Improving Dynamic Images [Theoretically]
Something I’ve been thinking about lately, is how to improve the performance of images served from a database. The model I’ve deployed in the past, looks like this:
- Apache Rewrites all requests to /Images to /image-script.php?image=$1
- The script then includes all base files, some not necessary, and performs a sanity check.
- The script grabs the meta-info from the database, for the requested file.
- An ETag, as well as other HTTP headers, such as Cache-Control, Content-Disposition, etc, are generated.
- The script checks for a cached copy of the data (using Cache_Lite), and if it’s not found or it’s expired, it fetches the image data from the database, and caches it.
- Either the headers and data is sent, or a 304 Not Modified is sent.
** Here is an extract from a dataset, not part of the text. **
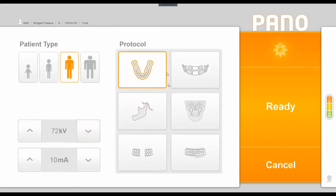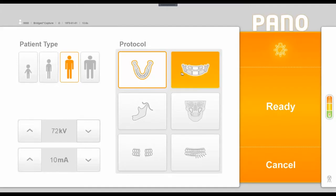The middle section of this window is our protocol options. This window will default to the standard panoramic image option, which we see here, and it will take your typical panoramic image.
The flaw with this design: things are included, but not used, and the database is touched for every request. The new design that I’m thinking about would be a very minimalistic class, and it would only access the database if the cache doesn’t exist, or if it’s expired. It would look more like this:
- Class is initialize, and sanitizes all input.
- When called upon, the class checks the cache for the serialized database result, and unserialize()’s it if it’s found.
- If not found, it opens the database, fetches the data, then caches the serialize()’d result.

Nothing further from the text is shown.